Data below:

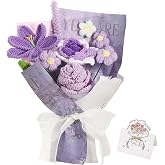 HEALDOT Handmade Crochet Flower Bouquet -Purple Knitted Flowers Tulip Rose Lavender Bouquet, Teacher Appreciation Birthday Graduation Mother&lsquo;s Day Gift for Women Wife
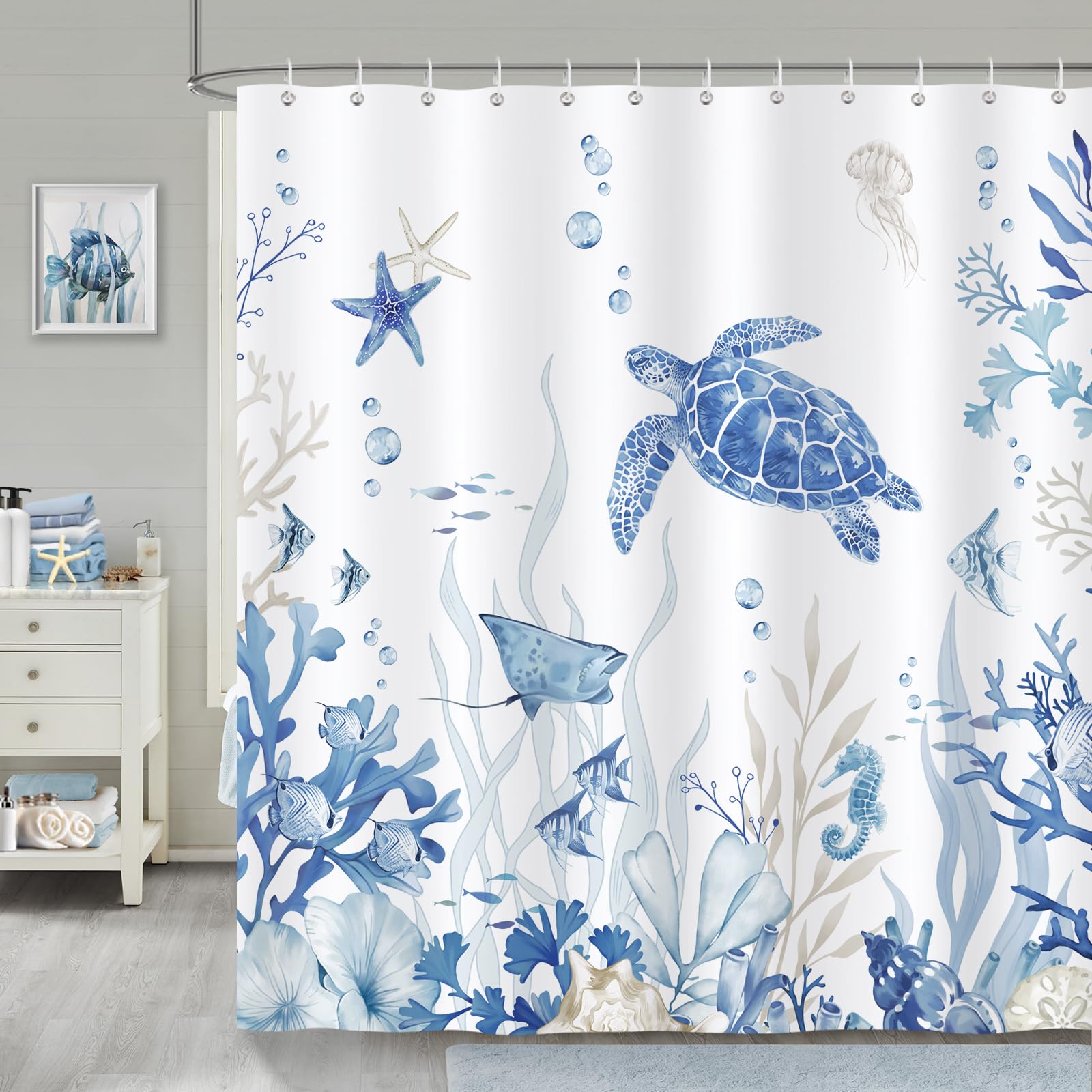 Bonhause Blue Ocean Turtle Shower Curtain | Waterproof Polyester, 180x180cm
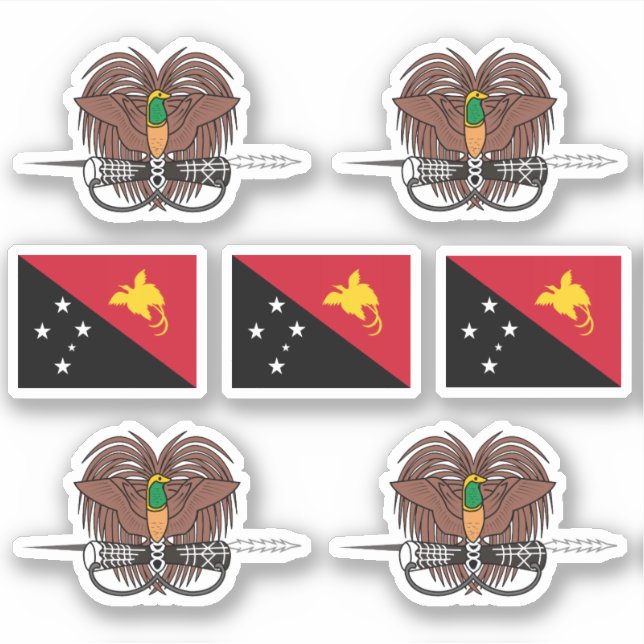 Papua New Guinean symbols / coat of arms and flag Sticker (Front)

End of Data.

The task: The material above holds pictures; copy everything else in it exactly.

Task answer:
 HEALDOT Handmade Crochet Flower Bouquet -Purple Knitted Flowers Tulip Rose Lavender Bouquet, Teacher Appreciation Birthday Graduation Mother&lsquo;s Day Gift for Women Wife
 Bonhause Blue Ocean Turtle Shower Curtain | Waterproof Polyester, 180x180cm
 Papua New Guinean symbols / coat of arms and flag Sticker (Front)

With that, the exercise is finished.